Description of the Registrants Securities Registered Pursuant to Section 12 of the Securities Exchange Act of 1934

EX-4.2 7 bcml-20201231ex422ae7e7f.htm EX-4.2


Description of the Registrant’s Securities Registered Pursuant to Section 12 of the Securities Exchange Act of 1934

The authorized capital stock of BayCom Corp, a California corporation (“BayCom,” the “Company,” “we,” “us” or “our”), currently consists of:

100,000,000 shares of common stock, no par value per share; and

10,000,000 shares of preferred stock, no par value per share.

No shares of our preferred stock are currently outstanding. The Company’s common stock is listed on the NASDAQ Global Select Market under the symbol “BCML.”

The following description of our common stock is a summary and does not purport to be complete. It is subject to and qualified in its entirety by reference to our articles of incorporation and bylaws, each of which is incorporated by reference as an exhibit to the Annual Report on Form 10-K of which this Exhibit 4.2 is a part, and to applicable provisions of law.

Common Stock — General

General. Each share of common stock has the same relative rights and is identical in all respects with every other share of common stock. Holders of shares of BayCom common stock have the rights set forth in its articles of incorporation, bylaws and California law.

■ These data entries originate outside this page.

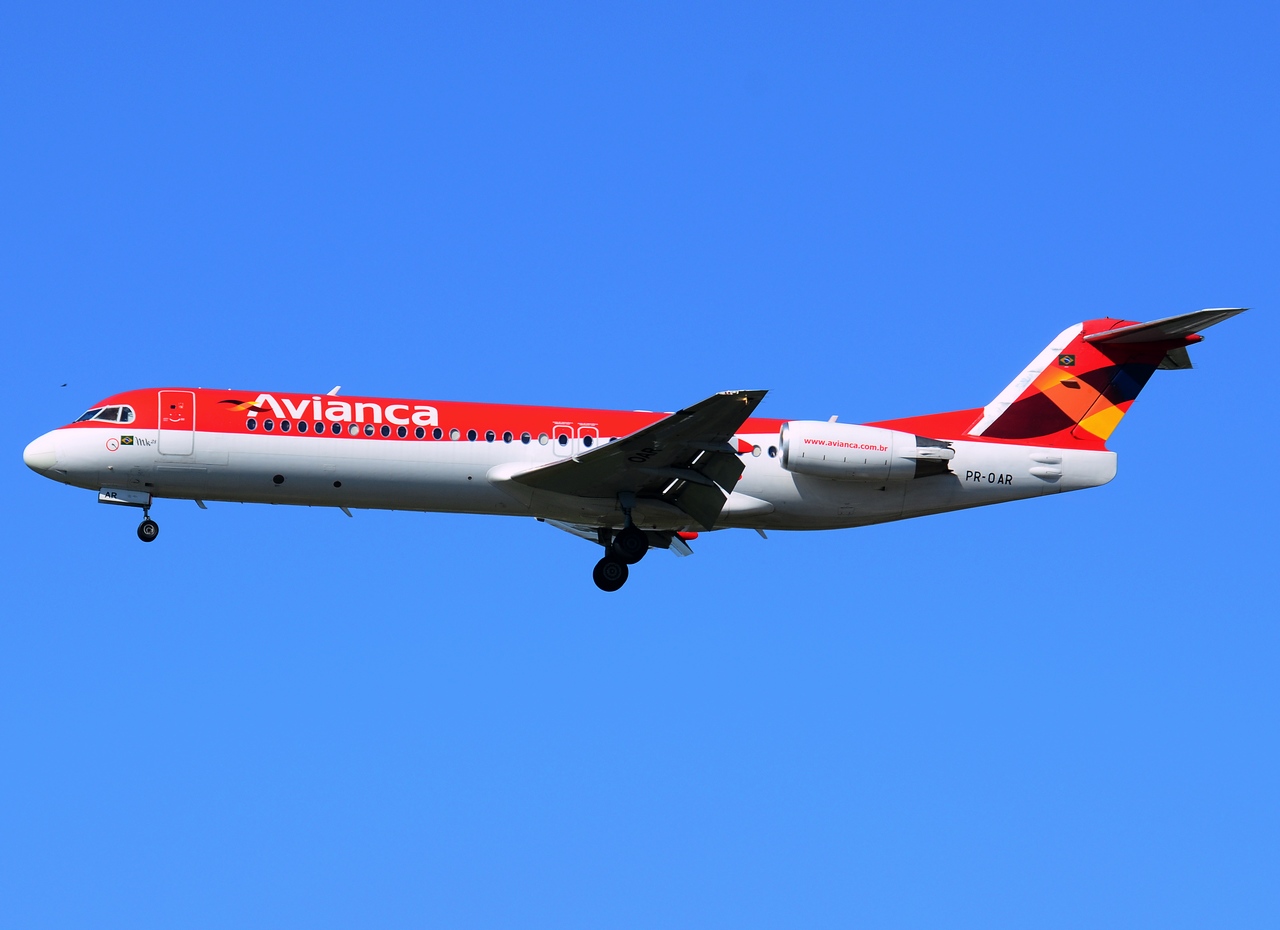 PR-OAR - Fokker 100 - Avianca Brasil - GRU - 05-06-2013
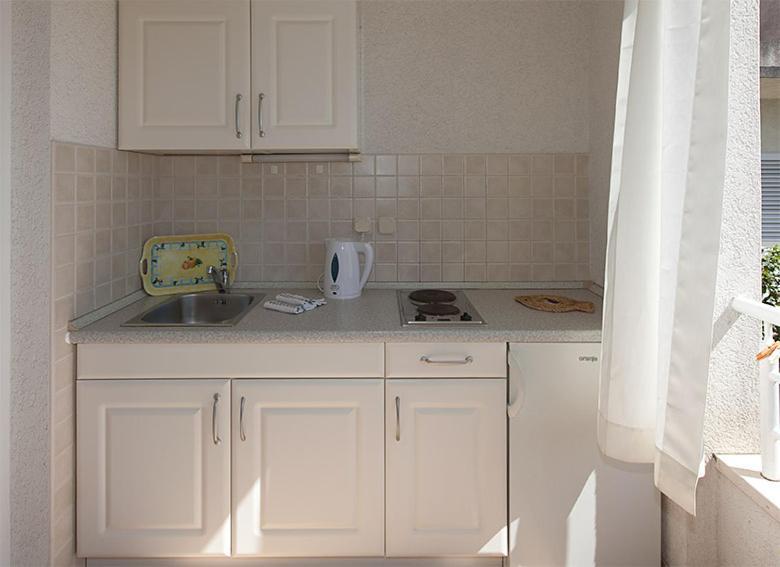 Apartments Milana 2 Tucepi Ngoại thất bức ảnh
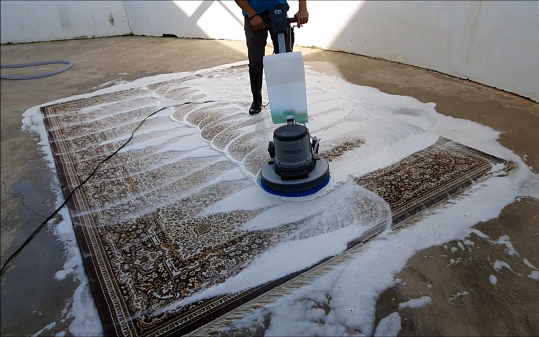 Καθαρισμός χαλιών Κύπρος και δωρεάν αποθήκευση – Carpet cleaning and storage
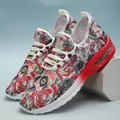 Détail du motif tête de mort et rose coloré sur des baskets d'Halloween respirantes. - 35 / Motif Coloré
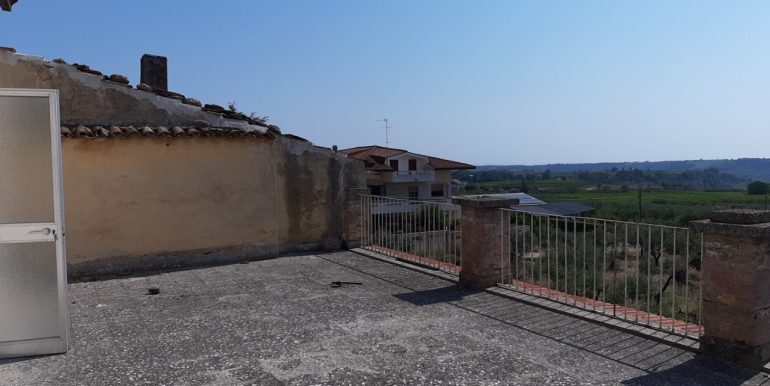 terrazzo-secndo-piano-villa-iubatti-immobiliare-capista-770x386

Dividends and Distributions. The payment of dividends is subject to the restrictions set forth in the California General Corporation Law division of the California Corporations Code (the “CGCL”). The CGCL provides that neither a company nor any of its subsidiaries shall make any distribution to its shareholders unless: (i) the amount of retained earnings of the company immediately prior to the distribution equals or exceeds the sum of (A) the amount of the proposed distribution plus (B) the preferential dividends arrears amount, or (ii) immediately after the distribution, the value of the company’s assets would equal or exceed the sum of its total liabilities plus the preferential rights amount.

Further, it is the policy of the Federal Reserve Board that bank holding companies, such as BayCom, should generally pay dividends on common stock only out of income available over the past year, and only if prospective earnings retention is consistent with the organization’s expected future needs and financial condition. It is also the Federal Reserve Board’s policy that bank holding companies should not maintain dividend levels that undermine their ability to be a source of strength to its banking subsidiaries.

Holders of our common stock may receive dividends when, as and if declared by our board of directors out of funds legally available for the payment of dividends, subject to any restrictions imposed by regulatory authorities and the payment of any preferential amounts to which any class of preferred stock may be entitled. The payment of dividends by BayCom will depend on the company’s net income, financial condition, regulatory requirements and other factors, including the results of operation of its wholly owned banking subsidiary, United Business Bank.

Ranking. Our common stock ranks junior with respect to dividend rights and rights upon liquidation, dissolution or winding up of BayCom to all other securities and indebtedness of BayCom.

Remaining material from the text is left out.